BEGIN

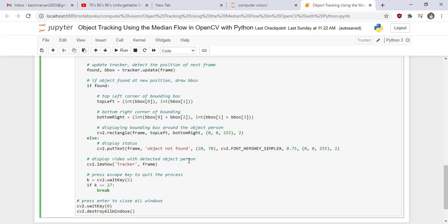We display the video with the detected object person. If the object is detected, we display the video with the tracked object. Press the Escape key to quit the process — cv2.waitKey(5). When you press the Escape key, this code will quit the process. At the end, press Enter to close all windows. Now we run the cell and see our result.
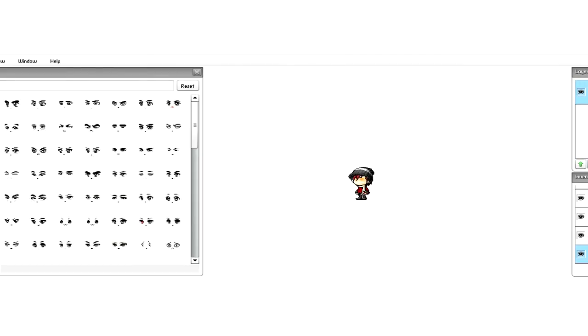Hello, so I got this question a while back and I'm finally getting to it. The question was how do I do eye shifting without the blinking with head movements? If you don't know what I'm talking about, here are some examples.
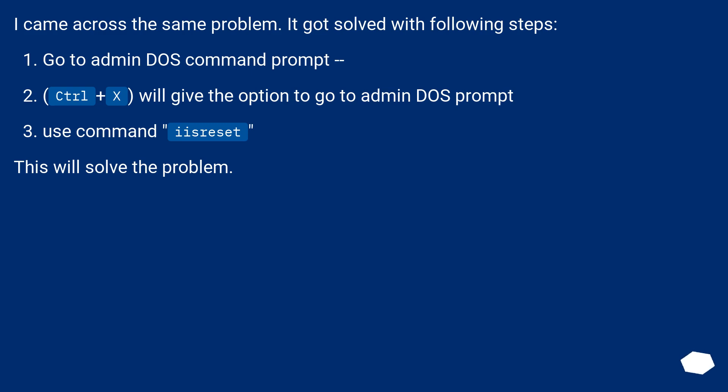I came across the same problem. It got solved with following steps. Go to admin DOS command prompt. Control plus X will give the option to go to admin DOS prompt. Use command iisreset. This will solve the problem.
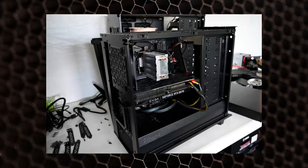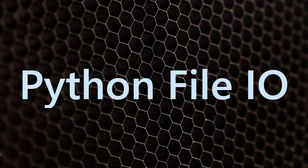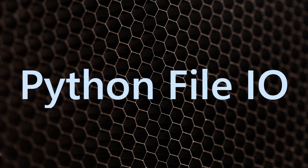Hello and welcome to this Python file I/O tutorial. Today we'll learn how to work with files in Python.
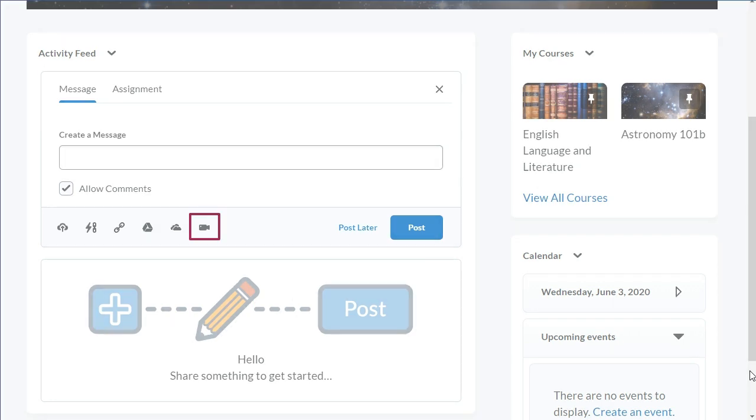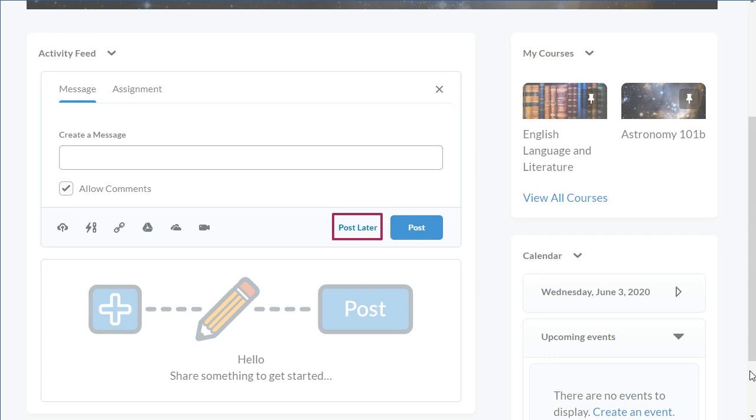Attach video from Web allows you to link to an external video that will display in the feed. Post Later allows you to schedule posts to appear to learners at a specified date and time.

END

** EXERCISE GOAL **
A verbatim copy of every record above is required, with all pictures omitted.

** EXERCISE RESPONSE **
We display the video with the detected object person. If the object is detected, we display the video with the tracked object. Press the Escape key to quit the process — cv2.waitKey(5). When you press the Escape key, this code will quit the process. At the end, press Enter to close all windows. Now we run the cell and see our result.
Hello, so I got this question a while back and I'm finally getting to it. The question was how do I do eye shifting without the blinking with head movements? If you don't know what I'm talking about, here are some examples.
I came across the same problem. It got solved with following steps. Go to admin DOS command prompt. Control plus X will give the option to go to admin DOS prompt. Use command iisreset. This will solve the problem.
Hello and welcome to this Python file I/O tutorial. Today we'll learn how to work with files in Python.
Attach video from Web allows you to link to an external video that will display in the feed. Post Later allows you to schedule posts to appear to learners at a specified date and time.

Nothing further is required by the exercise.